Many of us have shared the same dream.  Perhaps it was momentary.  Say, in response to a life-altering event, or a prayer.  Maybe it was for clarification of scripture, or because you realized that you had fallen in love with Him?  For me, I know often it has been a result of deep longing or an answer to a question left unsatisfied by my study of scripture or the wisdom shared by a mentor.  In fact, I have to admit many times it is because deep down I wanted to ask Him to His face, if I was doing it right!  There were times when that even seems holy somehow!  It is kinda Peter-ish isn’t it?  So I have to laugh at myself.  I do!

Let me digress for a moment just to make this statement:  If you feel like that too, but are too afraid your friends may find you “spiritually immature” because you allow yourself to admit it; that you sometimes have trouble with the idea of His up-close-and-personal reassurances being wanted and welcome…then both you and your friends need to hug some stuff out and take it to Father together.  Ask Him to remind you WHO HE IS and therefore what that means that you are all HIS children!

That to say, I have dreamt of and thought of, and longed to know what it would have been like to be Peter at a campfire listening to The Teacher’s voice.  To have been Nathaniel when Jesus found me and looked upon His face as it crept into my being that I was standing face to face with The Son of God, who was and is my Savior!  And although many of the burning questions of my heart have been answered just by knowing Him, and being in Him and Him in me…I must admit there are still times, more than I would like, where I feel if only I could walk with Jesus the man, I could somehow know Jesus the God better.  It doesn’t sound harmful, but it can be dangerous ground.

It is understandable when you fall in love to naturally want to be with that person.  Up-close-and-personal.  I want my wife by my side, my kids on my lap, my friends in the room, and my dogs by my feet!  Wouldn’t it be cool if I could have Jesus right there in the room too?  In a rocking chair spinning yarns about His walks along the sea?  Sure it would.  Of course, based off my prayer life in some seasons it wouldn’t be long before I wanted to stash Him in a box and take Him out just when I had company.  Place Him on my mantle maybe?  Wear Him around my neck?  You know, to let everyone know I still believe in case they were wondering why they hadn’t seen me share The Gospel with anyone in awhile…

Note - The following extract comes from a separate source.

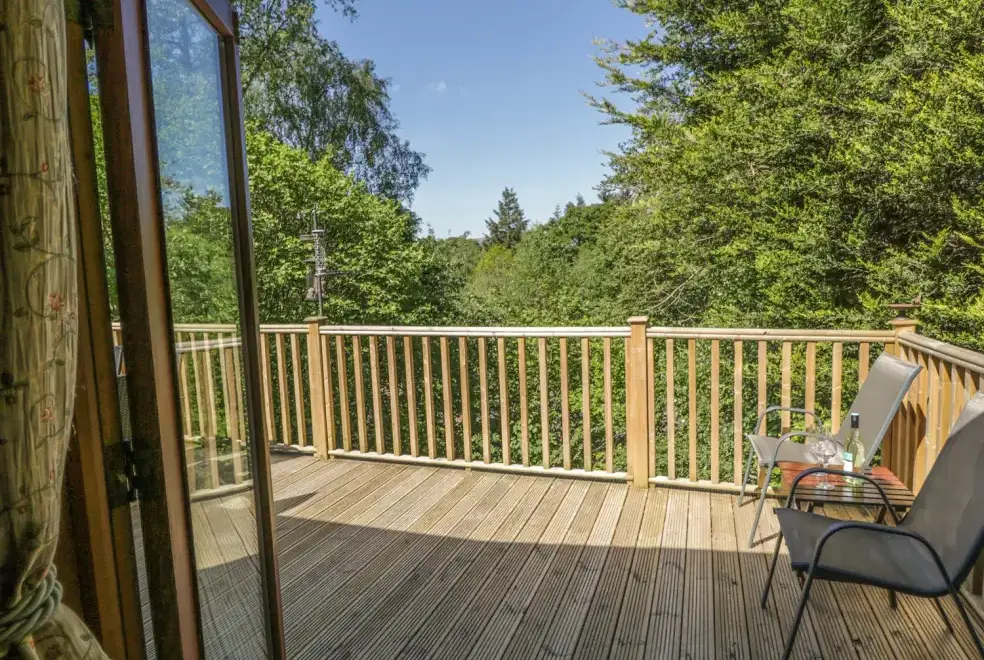 Decked area at Striding Holiday Lodge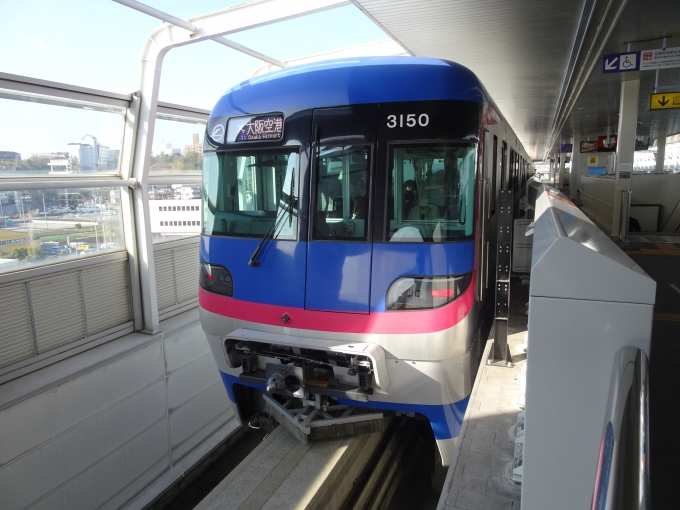 鉄道乗車記録の写真:乗車した列車(外観)(4)        「大阪モノレール最新鋭の車両です。」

And there it is.  Control and convenience.  Ouch.  Could it be that I want to make my personal relationship with Jesus Christ one of control and convenience?  Where I can control what His sacrifice means to me and where/when/what he can and cannot resurrect my life…what parts He can have and what parts are mine?  Sunday mornings are God’s but Saturday nights are mine.  My talents are Gods, but the time to use them and the money I reap from them, belongs to me.  Am I one of those folks that enjoy the occasional corporate fest, or family Thanksgiving, but would burst a blood vessel if someone from church or work dropped by my house just to say “Hi” because it interrupts the flow of my day?

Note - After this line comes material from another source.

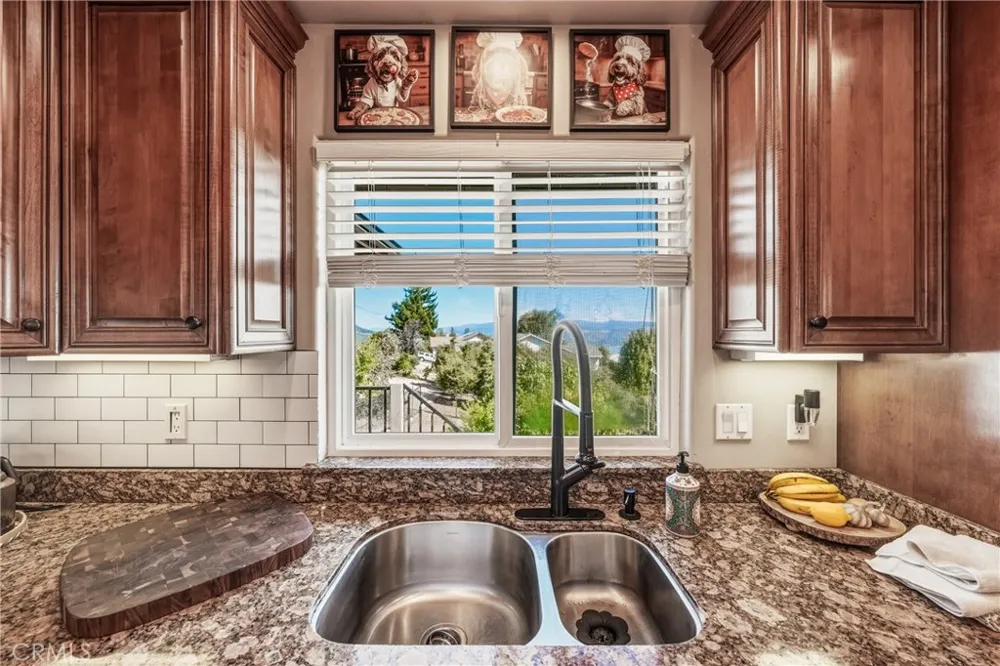 5568 Teton Kelseyville, CA 95451
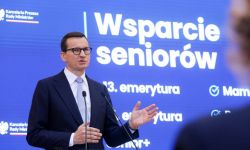 Premier: oszczędności i uszczelnienie systemu pozwolą na "czternastki" w 2023 r.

In other words, could it be that my relationship with Christ isn’t very different from my other relationships?

Only we humans, as messed up as we are, could take the gracious revelation of Christ in our lives and attempt to glorify ourselves in it.

If you believe in the prosperity gospel, which scripture (quoting Paul here) would say “is no gospel at all” then you probably want to stop reading now.  I’m not saying you should, I am just saying you want to.  I get that.

If you are still reading, thank you for hanging in there.  You get a surprise.  The surprise is that I am NOT going to say that as a follower of Jesus you won’t experience amazing things in your life, both spiritual and physical gifts…maybe even money!  And money sometimes brings convenience AND control, in particular if we handle it the same way we handle our poor view and understanding of The Cross.  That the sacrifice of The Son was somehow about us having an easier time of things if we align ourselves with the forces of good?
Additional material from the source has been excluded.